##### DATA RECORDS

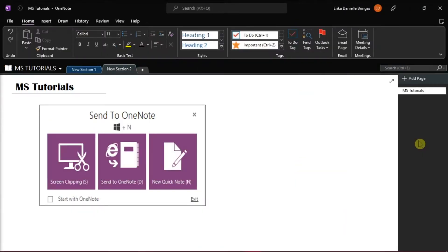Microsoft OneNote is a fantastic digital note-taking app, which you can get for a variety of devices, including your Windows desktop.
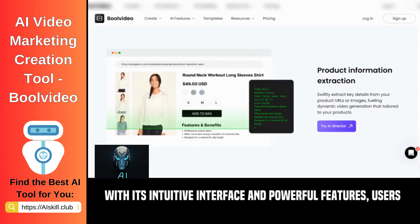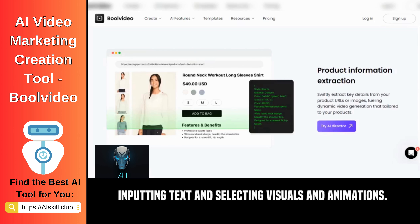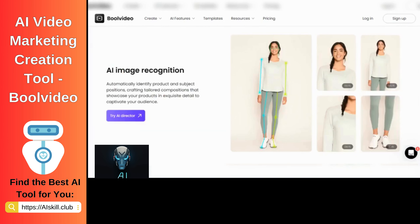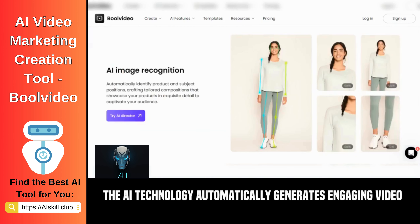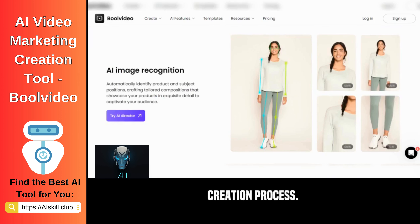With its intuitive interface and powerful features, users can generate professional-looking videos by simply inputting text and selecting visuals and animations. The AI technology automatically generates engaging video content, saving users time and effort in the video creation process.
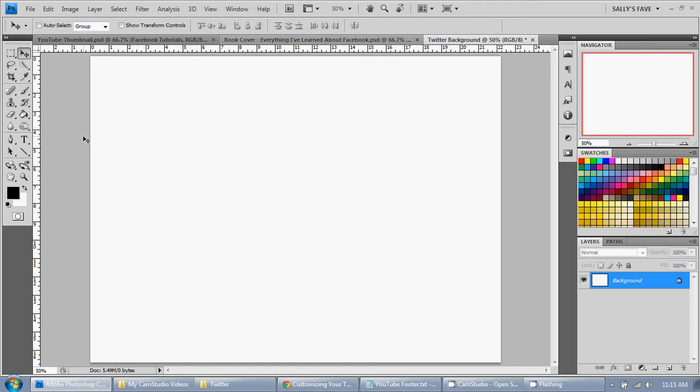So it's a little unclear on how to do this. It's not obvious at all. And I remember when I first started using Photoshop, I had a heck of a time trying to figure out how to insert an image.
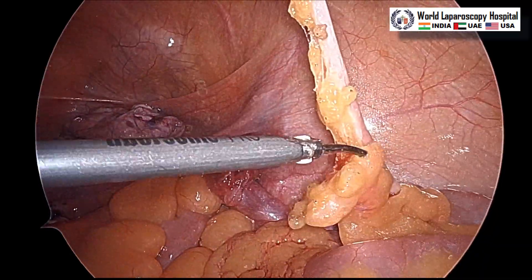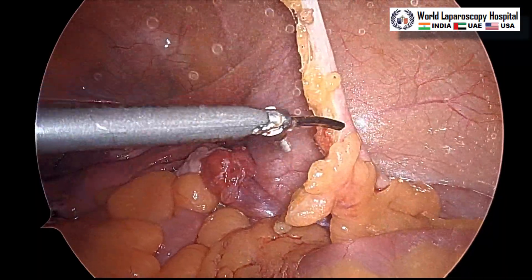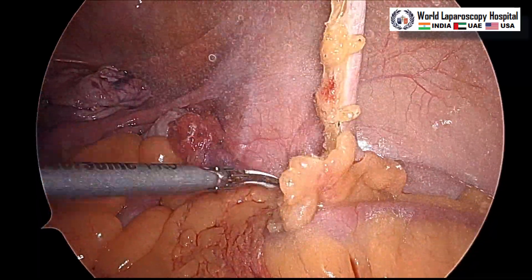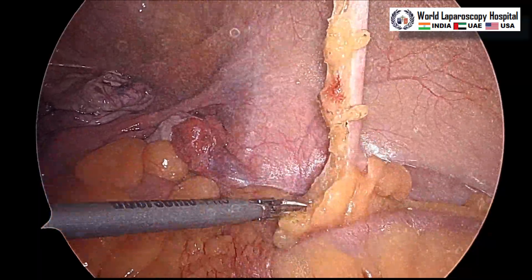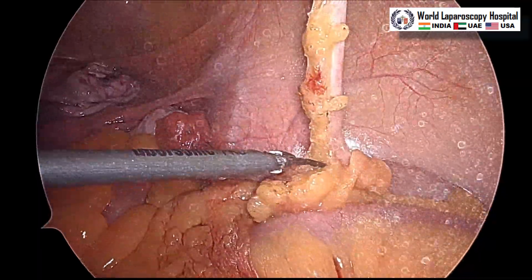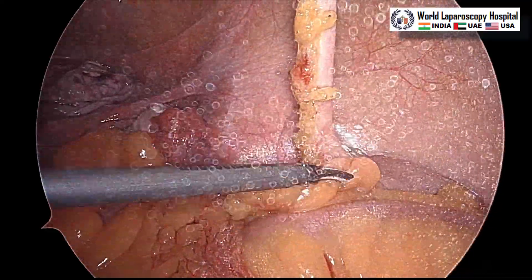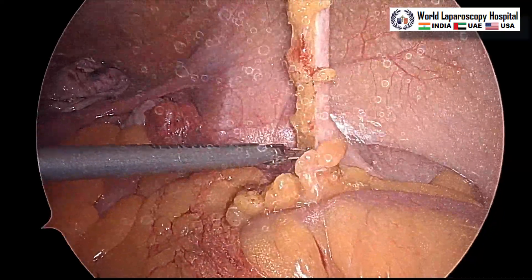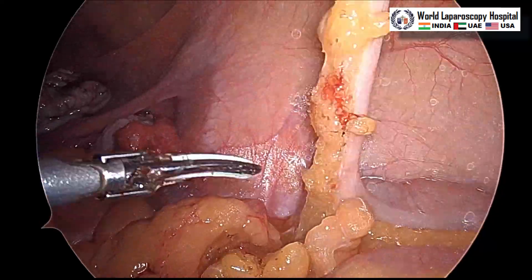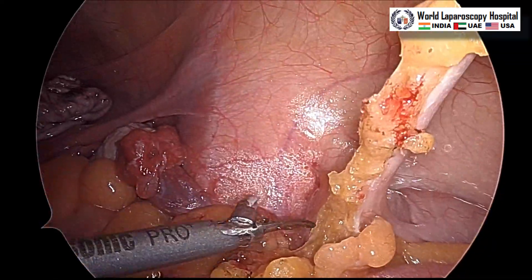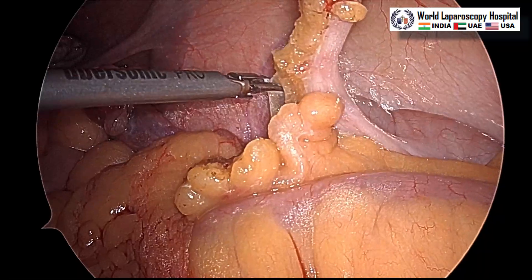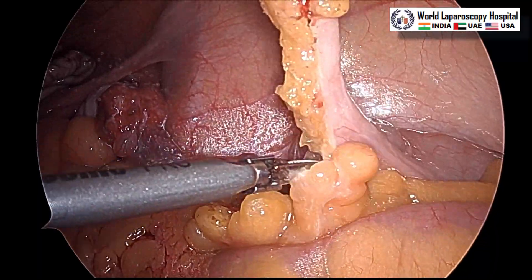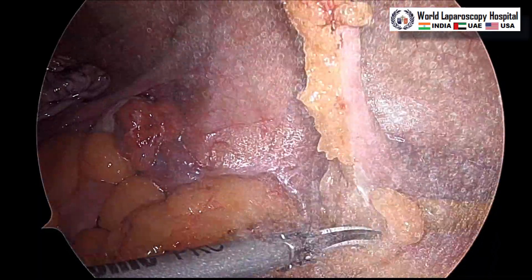Harmonic, bipolar, LigaSure — any instrument can be used for the mesoappendix. Slowly it has to be separated. You should be careful that the tip of the harmonic does not accidentally touch any bowel or cecum to prevent a thermal injury and puncture. We can see it is reaching up to the base and the taenia coli is now visible. If there is lateral adhesion with the paracolic gutter, just try to separate it. We should go completely up to the base to prevent any incomplete appendectomy.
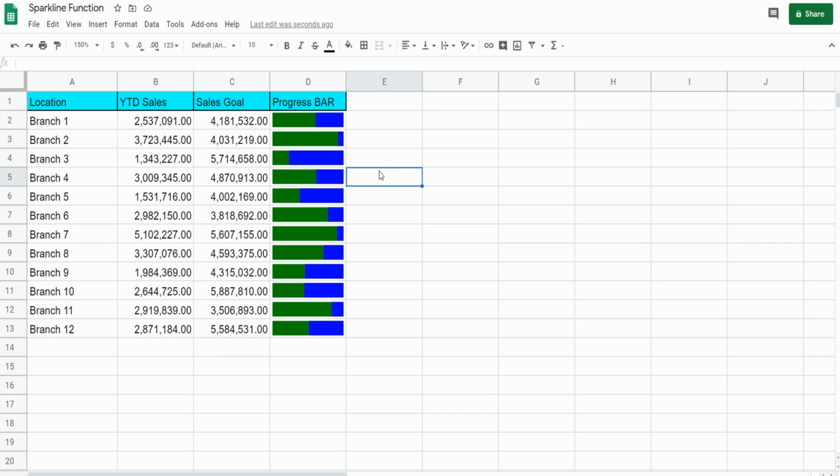That is how you can quickly create a bar chart in Google Sheets. If you like what you saw today, please subscribe to the Excel Cave. Thanks for watching.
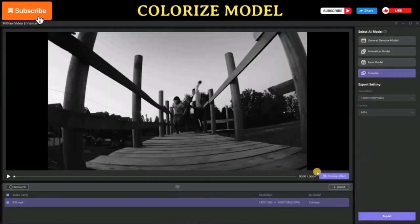Thank you for watching this AI video enhancement tutorial. Don't forget to like, subscribe, and share to support me. See you in the next AI video tutorial, bye bye!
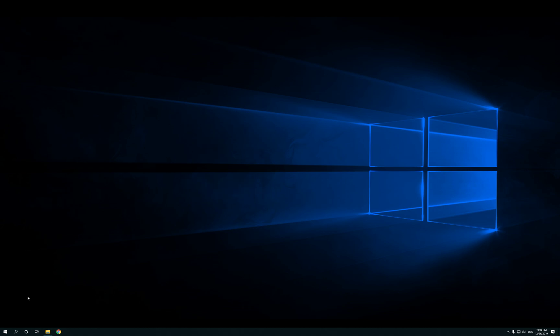Hey guys, welcome back. On the last video, we ended up installing Unity Hub. Now, in this video, we're going to make a brand new project, and we're going to see which version of Unity we're going to install to actually make that project.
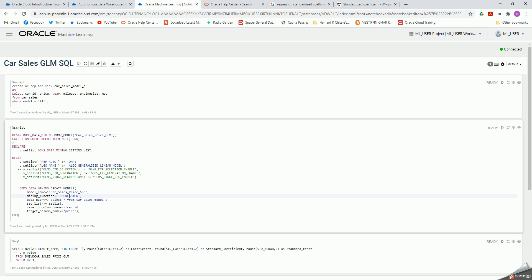My data query selects star from this view, so all these columns. My case ID column is car ID — the model needs to have a unique identifier, so I've built car ID as a unique identifier and every row has a distinct car ID. My target column is price. When I run this data query, it will exclude car ID and price; the other four columns become the independent variables to determine price for every car ID.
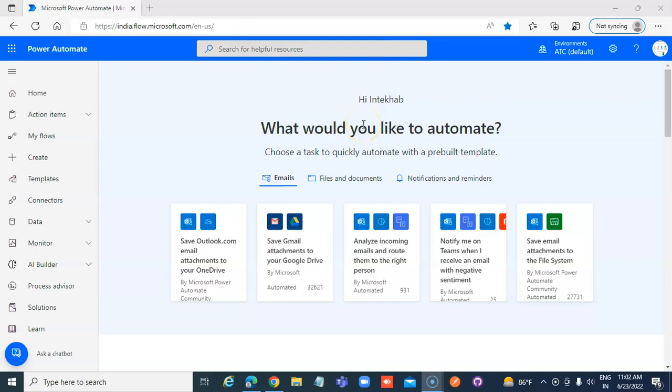In this lesson, we will cover the Power Automate flow to write messages to Teams.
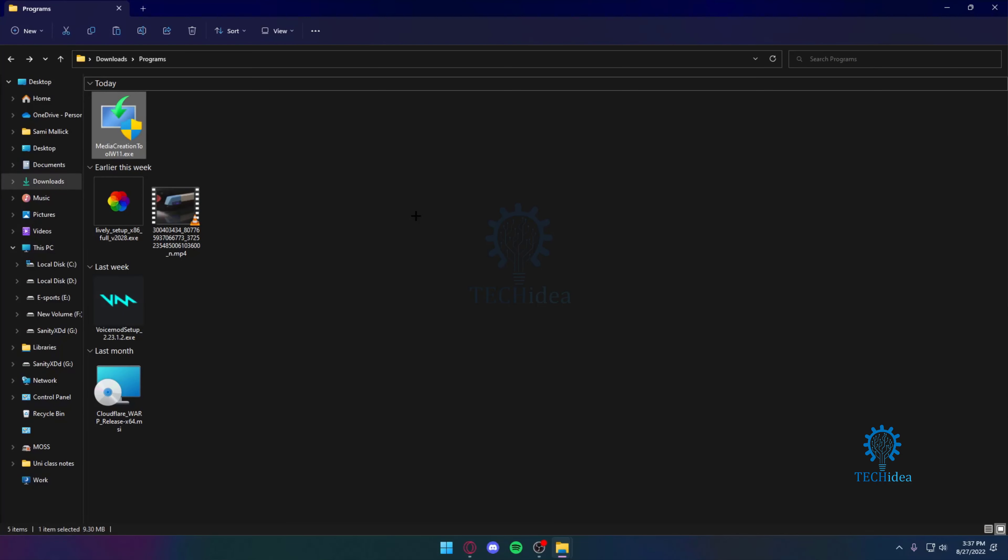Hello everyone and welcome back to Tech Idea, where we make tutorials that might be helpful to you. Today I'm going to show you how to hide an item as well as how to view hidden items.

##########

(THE PROBLEM) With the pictures omitted, print the lines above exactly, beginning at the line with "Harmonic, bipolar, LigaSure" and going on through the line with "Hey guys, welcome".

(SOLUTION TO THIS TASK)
Harmonic, bipolar, LigaSure — any instrument can be used for the mesoappendix. Slowly it has to be separated. You should be careful that the tip of the harmonic does not accidentally touch any bowel or cecum to prevent a thermal injury and puncture. We can see it is reaching up to the base and the taenia coli is now visible. If there is lateral adhesion with the paracolic gutter, just try to separate it. We should go completely up to the base to prevent any incomplete appendectomy.
That is how you can quickly create a bar chart in Google Sheets. If you like what you saw today, please subscribe to the Excel Cave. Thanks for watching.
Thank you for watching this AI video enhancement tutorial. Don't forget to like, subscribe, and share to support me. See you in the next AI video tutorial, bye bye!
Hey guys, welcome back. On the last video, we ended up installing Unity Hub. Now, in this video, we're going to make a brand new project, and we're going to see which version of Unity we're going to install to actually make that project.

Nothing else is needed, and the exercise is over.